HomeOpinion2010 Economic Recovery Budget

2010 Economic Recovery Budget

PROVIDED that there is no last minute rescheduling, Finance minister Tendai Biti will be presenting his proposed 2010 national budget to parliament next Thursday, and Zimbabwe awaits that budget with great anxiety. 

The ongoing recovery of the economy, so very desperately needed, is largely contingent upon that budget, albeit that of even greater import for that recovery is ongoing and substantive, positive political transformation.

In his first nine months as financial czar in Zimbabwe, much that Minister Biti has done, in extraordinarily constrained circumstances, has been most commendable, and a great contributant to the first phases of economic recovery that have been progressed in 2009.  But very, very much more is needed.

A key requisite of a significant upturn of the economy is major enhancement of productivity throughout all economic sectors, and especially so within the manufacturing field.  Greater production minimises inflation, increases numbers employed and concomitant downstream economic activity, maximises exports, and minimises imports, as well as diverse other economic benefits.

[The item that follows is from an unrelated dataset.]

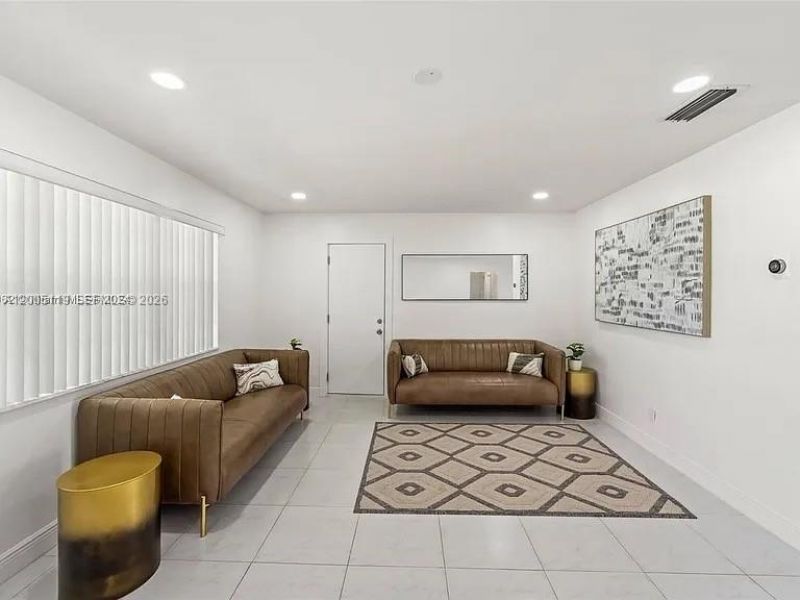2219 N 35th Ave, Hollywood, FL 33021 Photo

However, the manufacturing sector has been tragically afflicted by innumerable constraints over the past 10 years of consistent economic downturn, only very partially ameliorated in 2009, and the 2010 budget is an opportunity to give that sector a greatly needed stimulus.

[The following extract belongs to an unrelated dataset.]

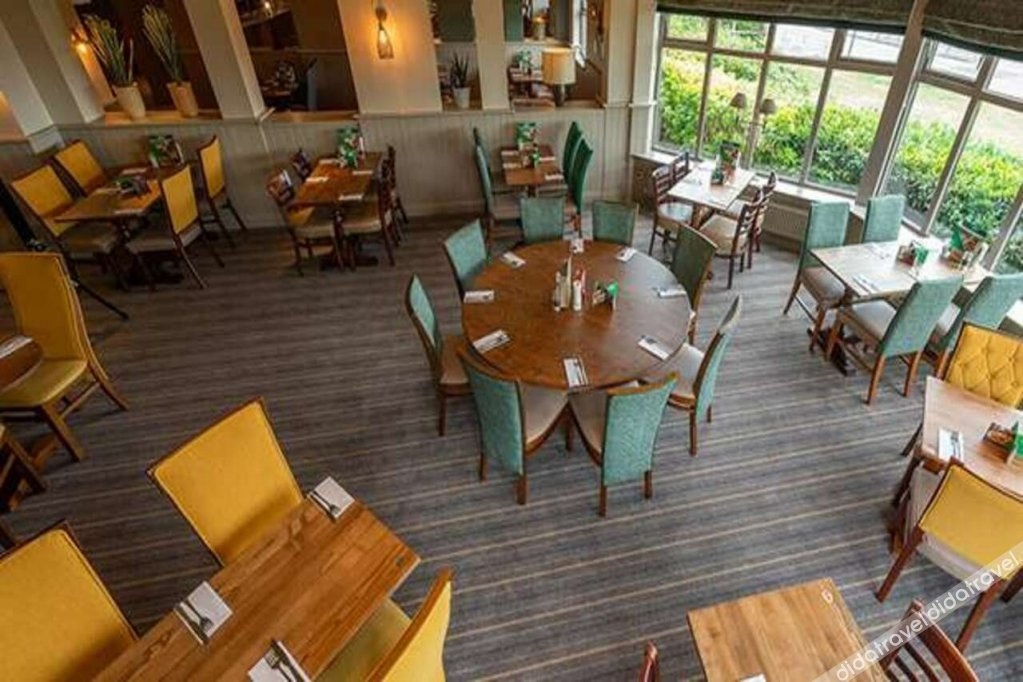 Premier Inn Harlow East (Church Langley)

First and foremost, government needs to address the unfair competitive advantages of imports over local production.  Zimbabwean industry must not be protected against legitimate imports, but manufacturers need to be accorded a level playing field upon which to compete.

For many products this is not the case, as not only do manufacturers in other countries benefit from economies of scale, but also in many instances from immense export incentives and subsidies provided by their governments.

This is exacerbated by many products produced in the Far East entering Zimbabwe disguised as having been manufactured within Sadc, without genuinely conforming with Sadc rules of origin, and thereby avoiding the incidence of Zimbabwean custom duties.

Moreover, to some considerable extent it is possible that many products are entering Zimbabwe through unofficial channels, circumventing the incidence of customs duties and other import imposts.  Minister Biti needs to resort to twofold actions, being increases in duty levels to an extent as eliminates unfair advantage, concurrently with ensuring that the Zimbabwe Revenue Authority (Zimra) intensifies its verification of compliance with Sadc rules of origin, and of containment of smuggling.

At the same time, Minister Biti needs to introduce export incentives (not of a magnitude that Zimbabwean industry has unfair competitive advantage, but to an extent that motivates and facilitates penetration into export markets).

In addition, recognising the initial need for growth in employment, in view of the present paucity of formal sector employment, the manufacturing sector, the economy, the populace, and government, would benefit from the establishment of employment incentives.  The cost of such incentives to government would be more than exceeded by the direct and indirect taxes accruing from the increased economic activity and employment.

The minister also needs to review rates of taxation, income tax thresholds, and tax bands.  It is incomprehensible that most Zimbabwean taxes are higher than prevailing within other countries in the Region.

 

Excessively great taxation is a major deterrent to investments, and is one of the many motivations for Zimbabwe’s immense brain drain.  The ongoing exodus of skilled Zimbabweans is a major contributor to Zimbabwe’s economic ills.  Concurrently with a review of taxation rates, the tax threshold and bands, and tax credits, minister Biti should also restore levels of tax-free bonuses, as prevailed for many years.

This should be implemented with immediate effect, ahead of 2009 year-end bonuses.  In addition, realistic revision of tax payment dates is essential.  It is grossly inequitable that Commerce and Industry must remit Value Added Tax (Vat) to Zimra long ahead of collection thereof from customers.

This requirement precludes many from extending credit to customers, which in turn impacts very negatively upon trade volumes.  In like manner, the quarterly payment date requirement on corporate tax effectively prescribes payment on unrealised, and potentially unattained, profits.

Recently there has been much talk by government of intents to increase very considerably the rates of mining royalties, to a grossly unrealistic extent.  Doing so will constitute the death knell of development of the mining sector.

 

Whilst there is justification for some royalties to compensate for the progressive reduction of mineral resources, royalties of punitive magnitude, markedly greater than applied by other counties with like resources, can only cause contraction of what could be one of Zimbabwe’s greatest economic contributors.

Whether it be direct taxation, indirect taxation, royalties, other governmental charges, or parastatals’ charges, government needs to be conscious of the law of diminishing returns.  Gargantuan and punitive levels of taxation can only result in reduced revenue flows to the state, in contradistinction to the enhancement of such inflows as could emanate from economic growth.

On non-taxation, but other fiscal issues, the minister of Finance needs to:

  • Make a very affirmative, convincing statement, that there is no possibility whatsoever of an imminent reintroduction of Zimbabwean currency, and that that will not occur for at least two years, following comprehensive and sustainable economic recovery.  This must be done if Zimbabweans are to have any confidence in the banking sector and therefore be willing to deposit their foreign currency in the banks, which is one of the prerequisites of money market liquidity;
  • Reiterate, with convincing emphasis, an absolute intent of government speedily to progress the privatisation of parastatals, wholly or partially, including Zesa, TelOne, Air Zimbabwe, National Railways of Zimbabwe, and others enabling infrastructural rehabilitation and meaningful service delivery, recapitalisation, access to strategic technical skills, and capital inflows to the state;
  • Further to stimulate investment, and to restore Zimbabwe’s international credibility, Biti needs to give convincing assurance of Zimbabwe’s determination to respect its Bilateral Investment Promotion and Protection Agreements (Bippas), and to honour obligations in terms thereof.

These are but some of the many constructive needs for inclusion in the 2010 budget, necessary for the Zimbabwean economy to go forward.